Am Gedenktag von Maria Magdala gelte es, "an die wichtige Rolle von Frauen in der Gründungsgeschichte zu erinnern und den Tag 'zu ihrem Gedächtnis' (vgl. Mk 14,9) zu feiern". Denn theoretisch müsste das Wissen um die Rolle von Maria Magdala auch Folgen für die heutige kirchliche Praxis haben: "Die Führungspositionen und Leitungsfunktionen der Frauen am Anfang ernst zu nehmen und danach die kirchliche Praxis auszurichten."
Zwar wachse mittlerweile das Interesse an Maria Magdala und anderen biblischen Frauengestalten, "dass nun aber das sich verbreitende Wissen um die grundlegenden Rollen dieser Frauen noch immer nur bedingt Wirkung in der Verteilung kirchlicher Leitungsaufgaben erzielt, lässt erstaunen", konstatierte Taschl-Erber.
"Apostelin der Apostel"
Maria Magdalena wird in der kirchlichen Tradition häufig als "Apostelin der Apostel" (apostola apostolorum) bezeichnet. "In der johanneischen Ostererzählung wird sie ausdrücklich vom Auferstandenen mit einer Botschaft gesandt - dies macht einen Apostel bzw. eine Apostelin aus", erläuterte Taschl-Erber. Die Sendung richte sich nicht an die Zwölf, sondern an die größere Gemeinschaft der Jüngerinnen und Jünger. Als erste Person, der der Auferstandene erscheint, und als von ihm mit der Osterbotschaft Beauftragte, "fungiert sie als die erste Apostelin", so die Neutestamentlerin.
In der Kirchengeschichte sei die Rolle Marias von Magdala lange überlagert worden, etwa durch eine Identifikation mit der Sünderin, so die Wissenschaftlerin: "Hier wurden mehrere Frauengestalten in eins gesetzt." Das Attribut des Salbgefäßes, das Maria Magdala zugeordnet wurde, finde sich in mehreren biblischen Erzählungen, etwa bei der anonymen Prophetin in Mk 14, bei der namentlich genannten Maria in Joh 12 sowie bei der "Sünderin" in Lk 7. Die Nähe dieser Texte zueinander sowie die Namensgleichheit hätten zu einer "Vermischung der Frauenfiguren" geführt.
Als einen weiteren Grund für die "Verwechslung" mit der Sünderin nannte Taschl-Erber das Eva-Motiv in der Auslegung der Ostererzählungen durch die Kirchenväter.
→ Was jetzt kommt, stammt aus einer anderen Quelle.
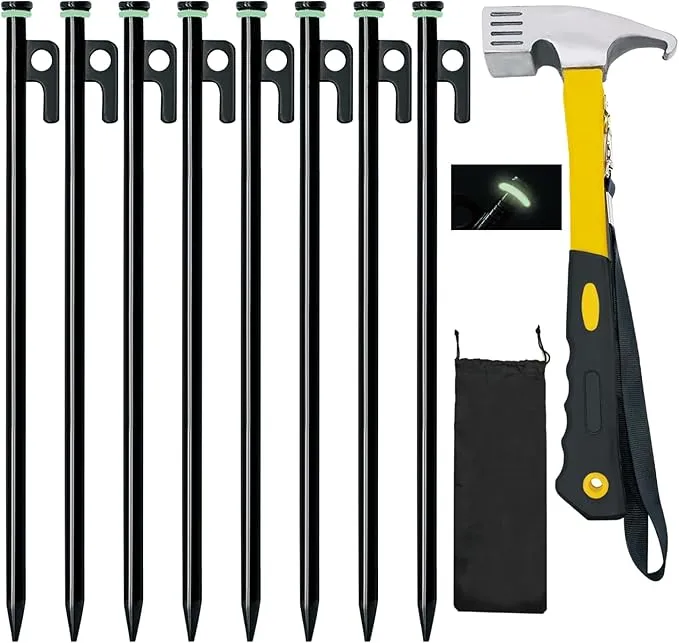 8 Pack Tent Stakes with Hammer, 16in Heavy Duty Tent Stakes   12in Tent Stakes Hammer Storage Pouch, Forged Steel Tent Stakes for Camping Used on Rocks(8Pcs 16in Tent Stakes and Hammer)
Diese hätten Frauen mit Verweis auf die Sündenfallgeschichte "an ihren traditionellen Platz" verweisen wollen und die Verkündigung der Auferstehung durch Maria Magdalena als eine Art "Wiedergutmachung" der Verfehlung Evas gedeutet: "Dass diese bedeutende Frauengestalt durch patriarchale Projektionen und Strategien zur Sünderin abgestempelt wurde, ruft natürlich eine Reihe negativer Emotionen hervor", so das Fazit der Professorin.